1970年代から80年代への架け橋となった加藤ワークス

 1979年『パパ・ヘミングウェイ』、1980年『うたかたのオペラ』、1981年 『ベル・エキセントリック』──ザ・フォーク・クルセダーズのメンバーとしてデビューし、サディスティック・ミカ・バンドを成功させた加藤和彦が、70年代から80年代への架け橋としたのが〈ヨーロッパ3部作〉だ。オリジナル音源をリマスター、ボーナス・トラックを加え、60ページ強の資料がつく。このボックス・セットは、ファンのみならず、この列島の音楽のうつりゆきに多少なりとも関心があるなら、手にしたい一品。

牧村憲一,加藤和彦,大川正義 『バハマ・ベルリン・パリ~加藤和彦ヨーロッパ3部作』 リットーミュージック(2014)

 3部作と呼ばれるのは、異なった3カ所での録音のゆえ。当時、すでに海外での録音は特に珍しくはなかった。しかし、経済的な側面やゲスト・ミュージシャンの参加がこの3枚の目的となっていたわけではない。一緒に演奏しているのは、高橋幸宏、坂本龍一、細野晴臣、矢野顕子、小原礼、大村憲司といった身近な人たちで、彼らを異なった環境へと投げこむこと、異化することこそが目指されていた。気候や空気、土地そのものの磁力があり、ひとりひとりのメンバー、その〈あいだ〉にはたらくもの、それが変わることが、だ。

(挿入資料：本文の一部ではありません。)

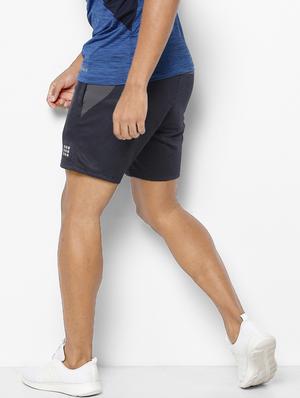 grey solid shorts - 17582782 - Standard Image - 3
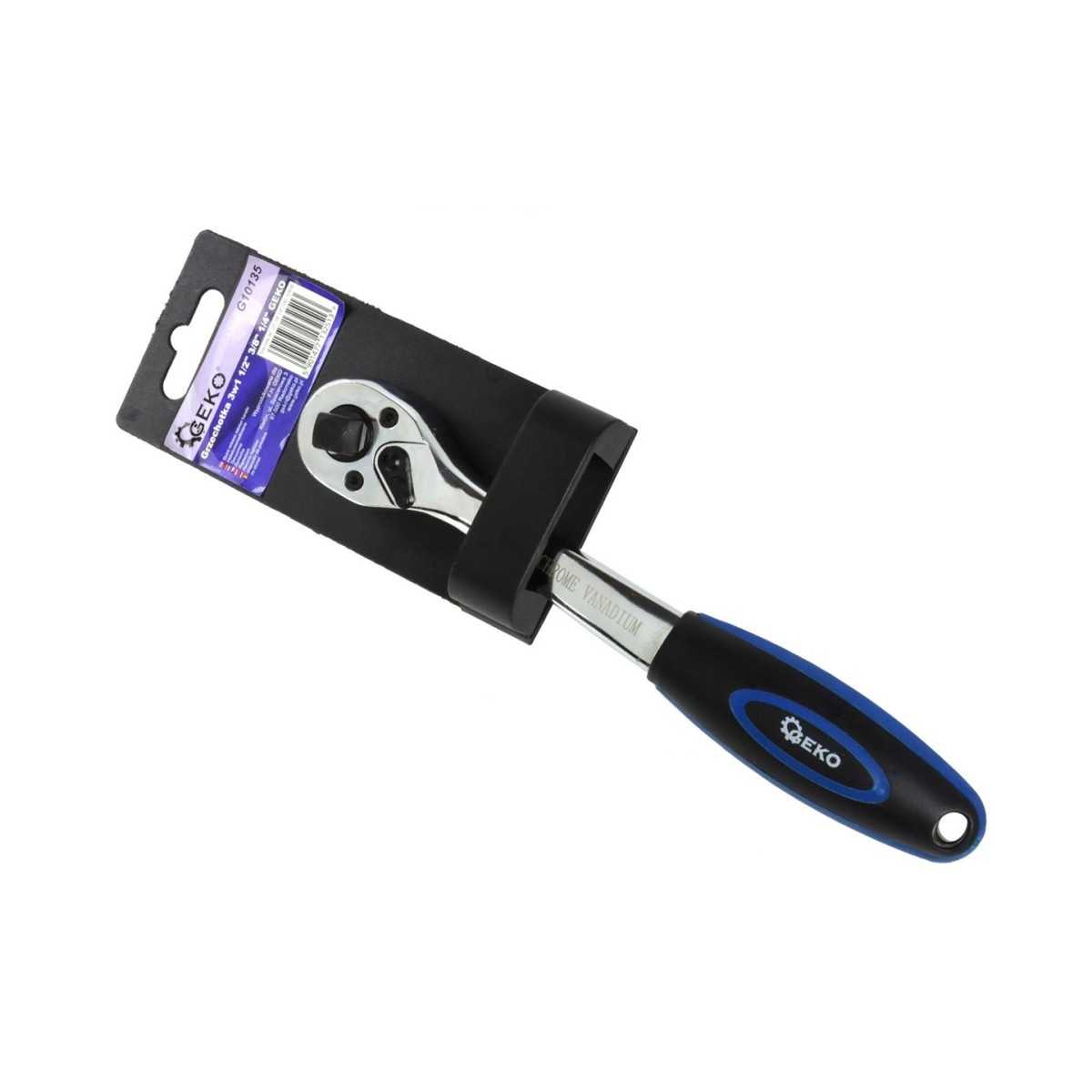 Ráčna 3v1 GEKO 1/2" 3/8" 1/4" G10135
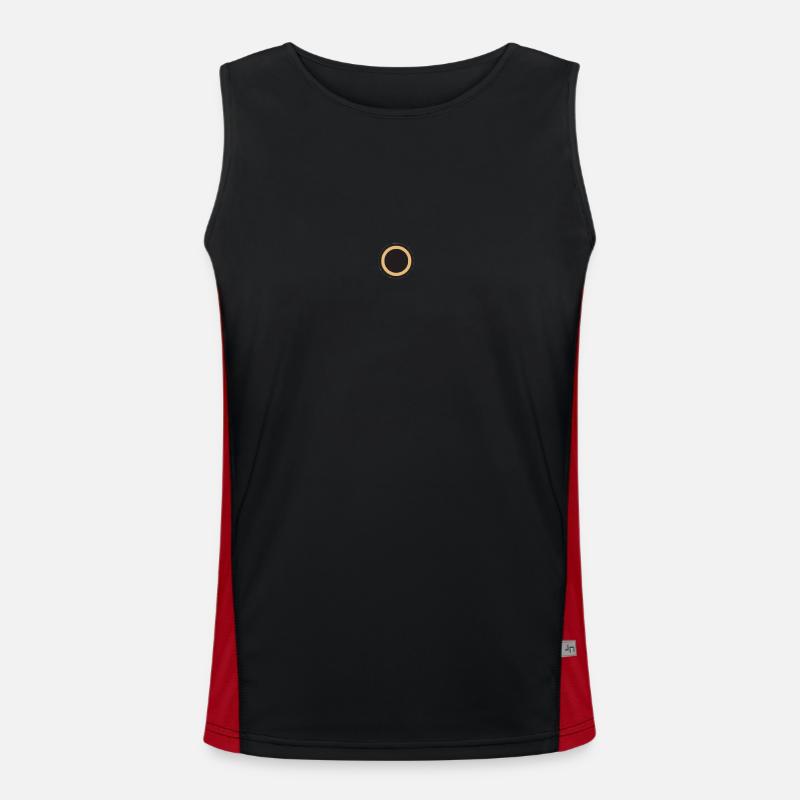 Circle Men's Functional Contrast Tank Top 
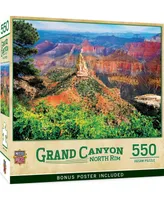 Masterpieces Grand Canyon North Rim 550 Piece Jigsaw Puzzle for Adults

 ひとつところではなく、それぞれに、およそ異なった場所であることによる変化。慣れる、ではなく、ちょっと、驚く。そして、馴染む。安井かずみのことばも、場とのかかわりのなかでこそ。だから、3枚をつづけて聴くと、その空気感の違いが際立つ。ベルリンの『うたかたのオペラ』を真ん中におき、バハマの『パパ・ヘミングウェイ』とパリの『ベル・エキセントリック』の異なったリラックス。後者にはすこしだけ手のひらに汗があるようなところもあったり。

 ひとつひとつの曲を、詞を、加藤和彦がどれだけ丁寧に扱ったか。アレンジと演奏=録音のプロセスに繊細であったか。ちまたではやりすたれる音楽をしばし忘れさせ、さらにはそうした音楽に、音楽のありように一考を強いるようなものとして、わたしはこのボックスを聴きなおす。